Tonight marks the first episode of Opilio season which is typically fished starting in January. The temperatures drop, the winds pick up, the ice forms, and this season, there’s a tremendous amount of Opilio crab to catch as the Total Allowable Catch (TAC) is the highest its been in over a generation. It’ll be dangerous alright…And in his latest blog entry, Doug Stanley–who filmed aboard the F/V North American this year–writes about other dangers when it comes to fishing, and he tells of a death that’s occurred in the 2007/2008 Bering sea crabbing seasons…
Dave Ness, F/V NorthAmerican. (Photo courtesy of Discovery)
…Having returned to Dutch Harbor for the upcoming opilio crab season, I sought out the North American and found her at the North Pacific Fuel Dock. As I stepped aboard, I immediately sensed that something was wrong. Capt. Sten Skaar and the other crew onboard met me with a straight face and a somber mood. I caught the sideways glances that passed between them, and since nobody seemed to be forthcoming with information, I had to ask, “So … what’s up?” Terje Kavinge, our new deckhand and cook, glanced at the captain quizzically, obviously seeking permission to tell me. Sten shrugged and nodded to him. Terje took a deep breath and then slowly explained that there had already been a terrible incident in the crab fleet: Davin Nes, a deckhand on the North American, had just lost one of his brothers, Jeffrey Nes.

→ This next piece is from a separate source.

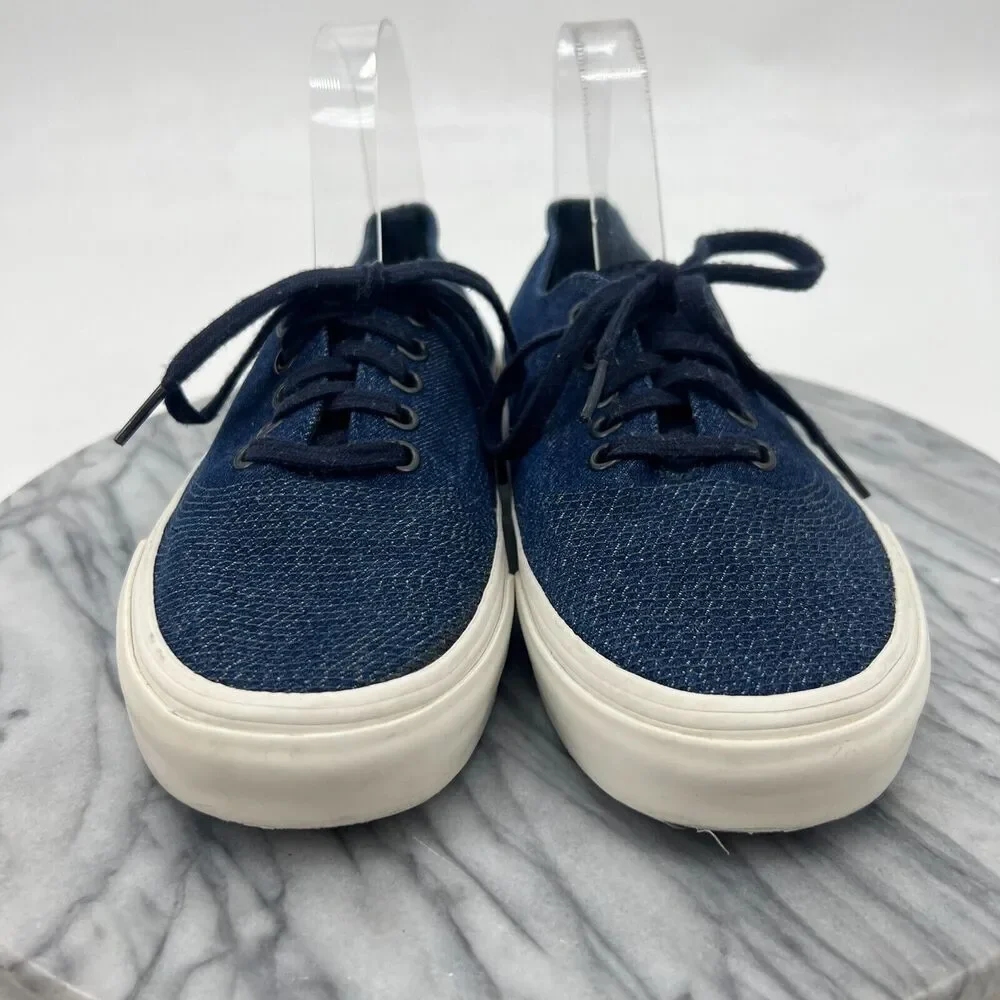 Vans Denim Sneakers Womens 8 Blue Skateboard Shoes Low Top Lace Up Skate Shoe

This was grim news for all of us on the North American and for all the fishermen in the fleet. It was especially painful for the Nes family, one of the legendary fishing families of the Bering Sea. They had lost one of their own.
Terje continued explaining what had happened. Jeffrey was working aboard the Sea Warrior, when he fell from a stack of pots, four high. Terje told me that Davin and his other brother Johnny, who was fishing on another vessel, had just flown home to attend services for their brother.